Attempt of Clustering¶

This is a 2D plot of the data to see the clusters

In [14]:
plt.figure(figsize=(10, 6))

classes = df['class'].unique()
colors = ['tab:blue', 'tab:orange', 'tab:red']

for c, col in zip(classes, colors):
    subset = df[df['class'] == c]
    plt.scatter(subset['alpha'], subset['delta'], 
                s=10, alpha=0.6, label=c, color=col)

plt.title("Sky Distribution of Objects (SDSS DR17)")
plt.xlabel("Right Ascension (degrees)")
plt.ylabel("Declination (degrees)")
plt.legend(title="Class")
plt.grid(alpha=0.3)
plt.tight_layout()
plt.show()
No description has been provided for this image
In [15]:
import numpy as np
from sklearn.cluster import KMeans
from sklearn.metrics import f1_score
from itertools import permutations


model = KMeans(n_clusters=3, random_state=42)
model.fit(X)
labels = model.labels_

unique_classes = np.unique(Y)
class_to_num = {cls: i for i, cls in enumerate(unique_classes)}
y_true_numeric = np.array([class_to_num[cls] for cls in Y])


best_f1 = -1
best_mapping = None
best_labels_mapped = None

# Generate all possible permutations of [0, 1, 2]
for perm in permutations([0, 1, 2]):

    mapping = {i: perm[i] for i in range(3)}
    
    labels_mapped = np.array([mapping[label] for label in labels])
    

    f1 = f1_score(y_true_numeric, labels_mapped, average='weighted')

    if f1 > best_f1:
        best_f1 = f1
        best_mapping = mapping
        best_labels_mapped = labels_mapped.copy()
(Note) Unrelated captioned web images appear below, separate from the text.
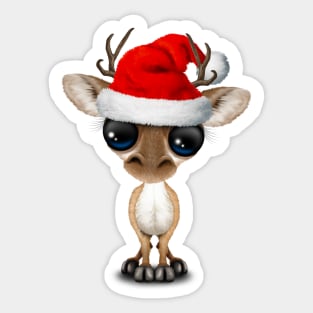 Baby Deer Wearing a Santa Hat Sticker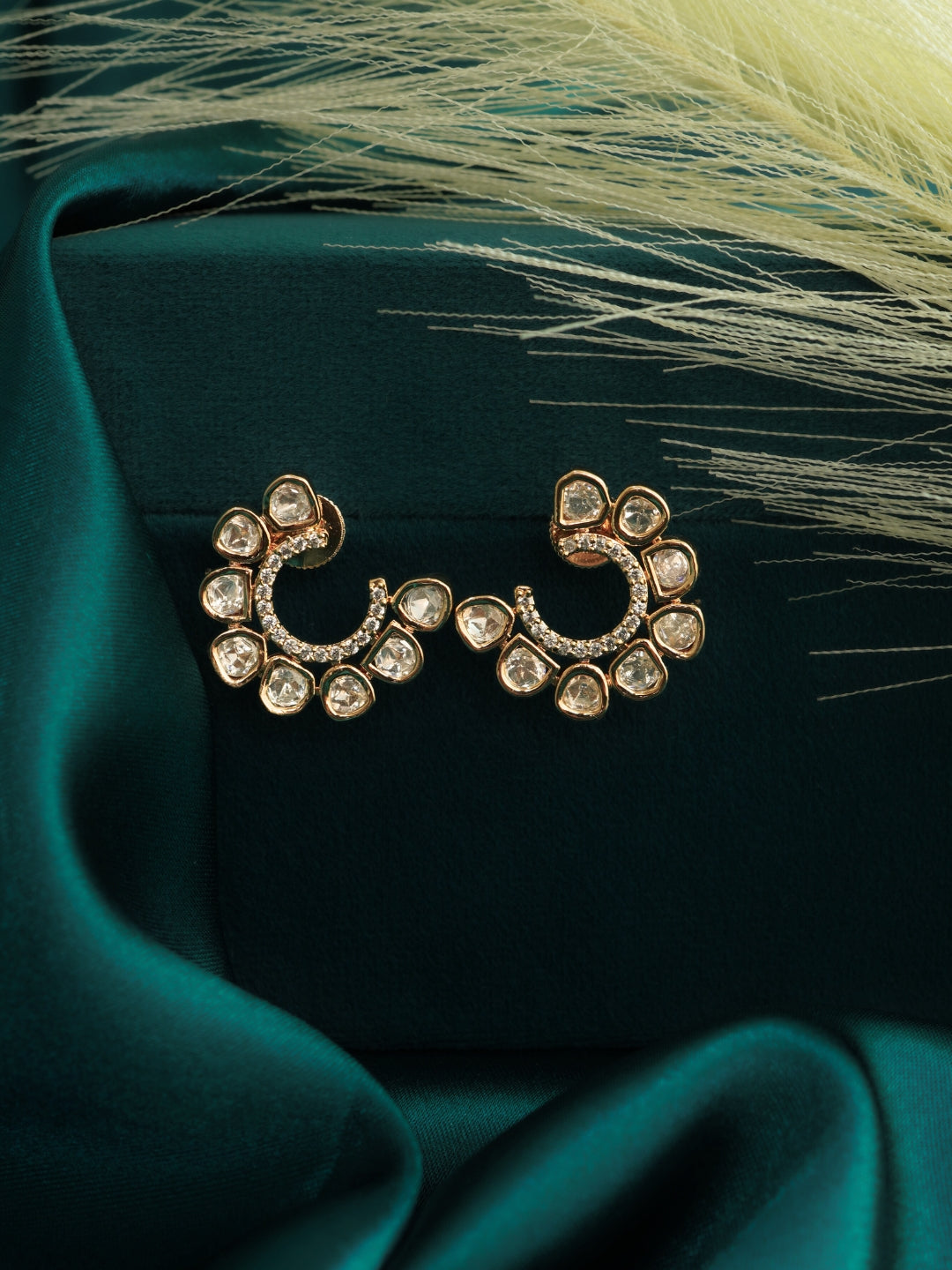 Crescent-Shaped Kundan Stud Earrings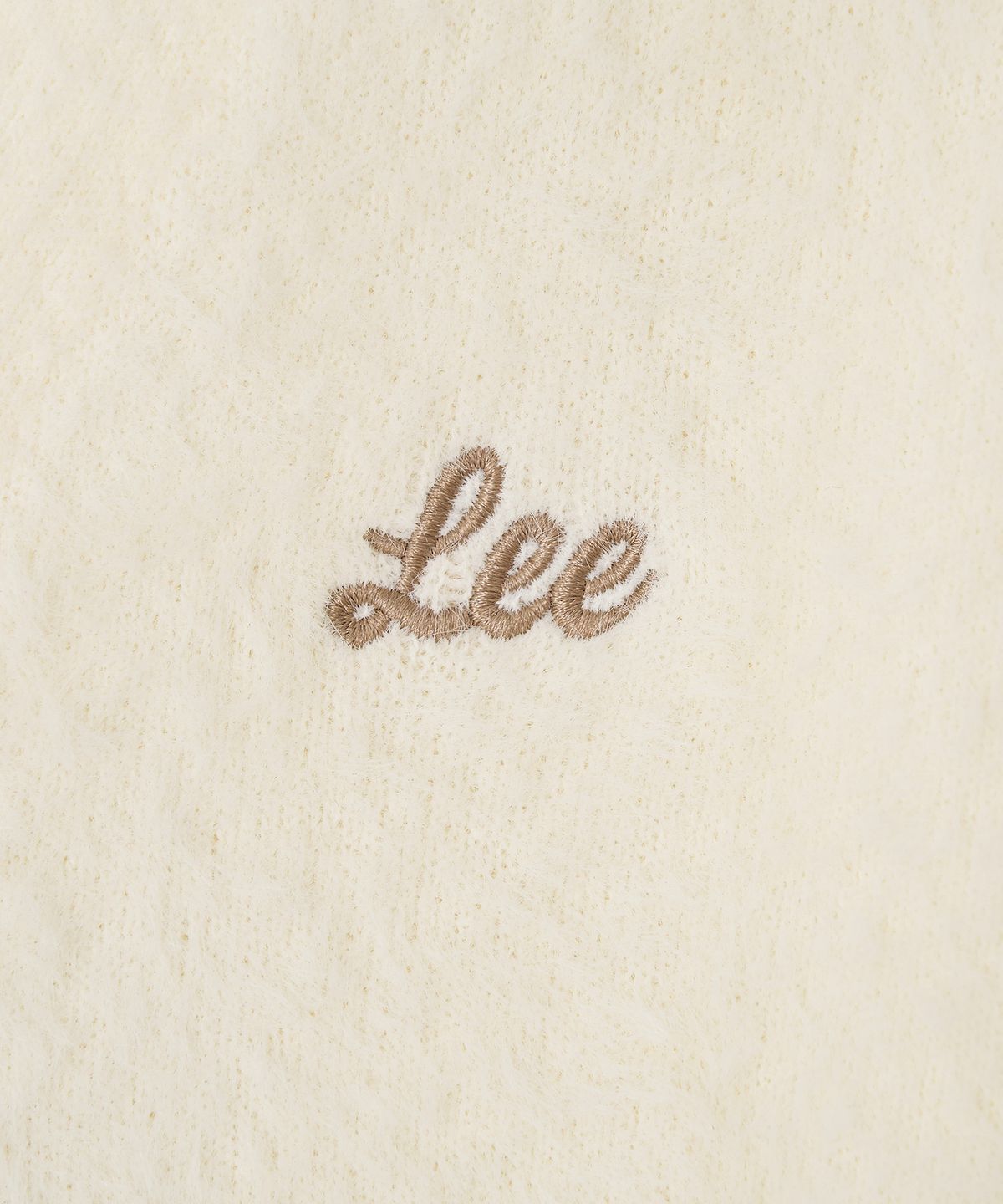 리(LEE) 우먼 브이넥 헤어리 가디건 아이보리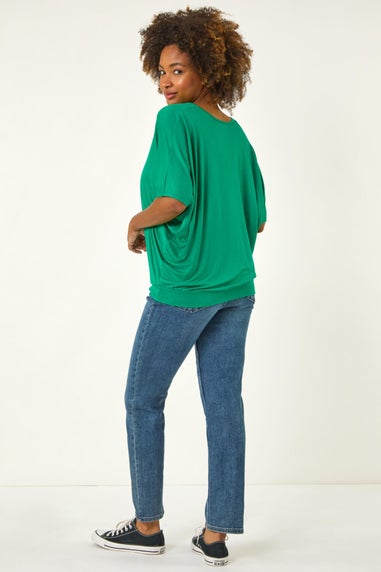 Roman Green V Neck Grown On Sleeve Stretch Top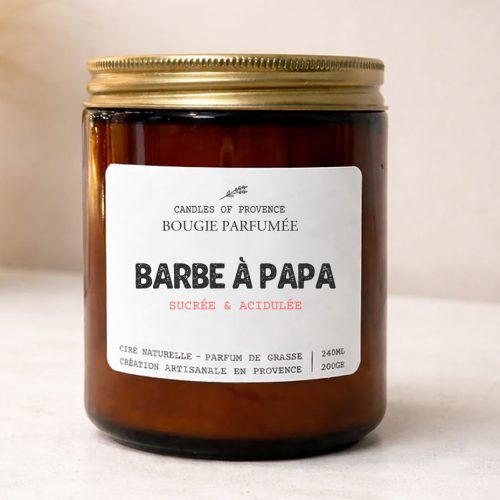Bougie parfumée Barbe à Papa artisanale fabriquée en France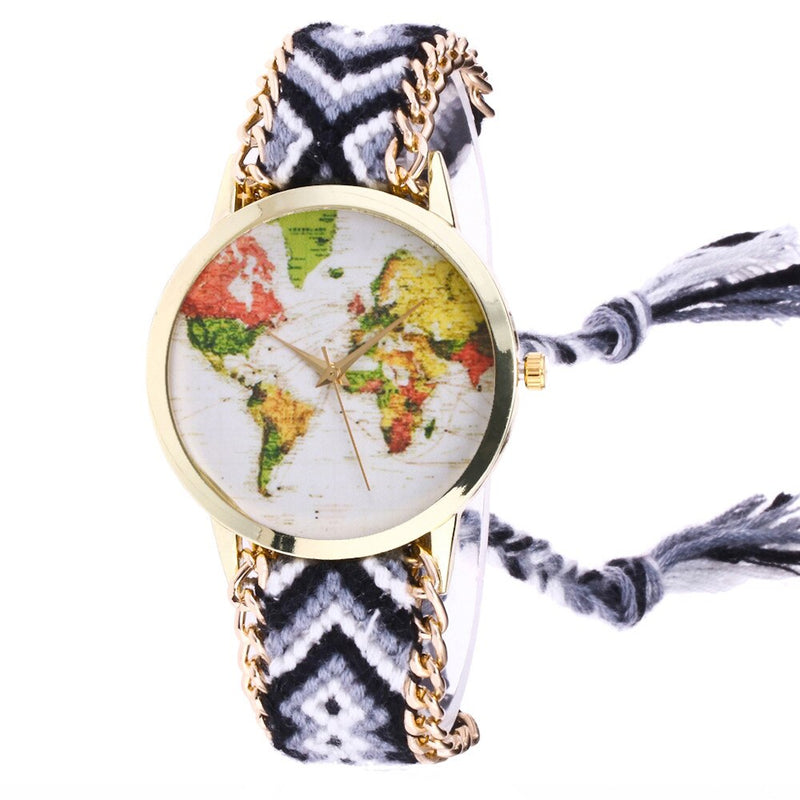 Fashion World Map Woven Bracelet Watch for Women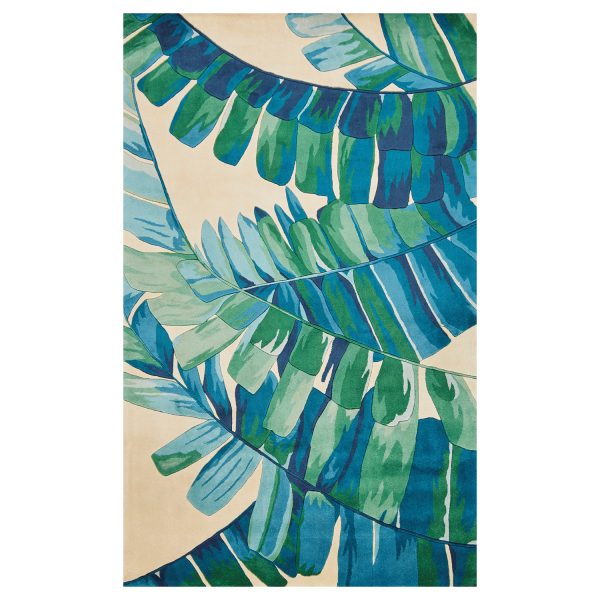 2' x 8' Ivory or Blue Laguna Leaves Wool Indoor Runner Rug - Image 2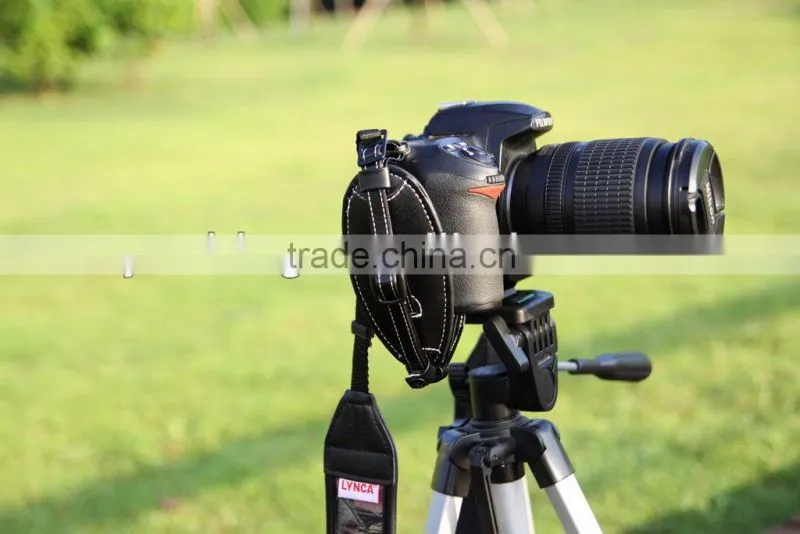 Hottest selling leather hand digital wrist grip strap with quick release plate for DSLR camera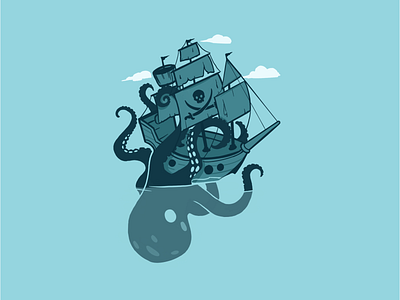 Unleash the Kraken boat caribbean design digital art digital drawing graphic design illustration kraken ocean octopus pirate pirate bay pirate boat pirate flag pirate ship procreate design ship squid unleash vector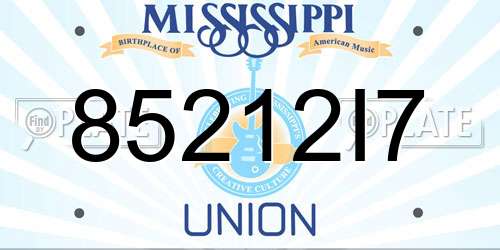85212I7 Mississippi License Plate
print(f"Best F1-score: {best_f1:.4f}")
print(f"Best mapping: {best_mapping}")
Best F1-score: 0.4064
Best mapping: {0: 2, 1: 1, 2: 0}

Conclusion¶

This project successfully developed a highly accurate machine learning model to classify stars, galaxies, and quasars from the SDSS DR17 dataset, achieving a remarkable 98% accuracy with XGBoost.

The model's exceptional performance is both reliable and physically sound. Through SHAP analysis, we confirmed that the classifier makes decisions based on core astrophysical principles, primarily relying on redshift as the dominant feature, supported by photometric color indices.

Furthermore, analysis showed the model introduces negligible bias, perfectly preserving the true redshift distributions of each celestial class. Therefore, this work delivers not just a high-performing classifier, but a robust and interpretable tool that aligns with established astronomical knowledge.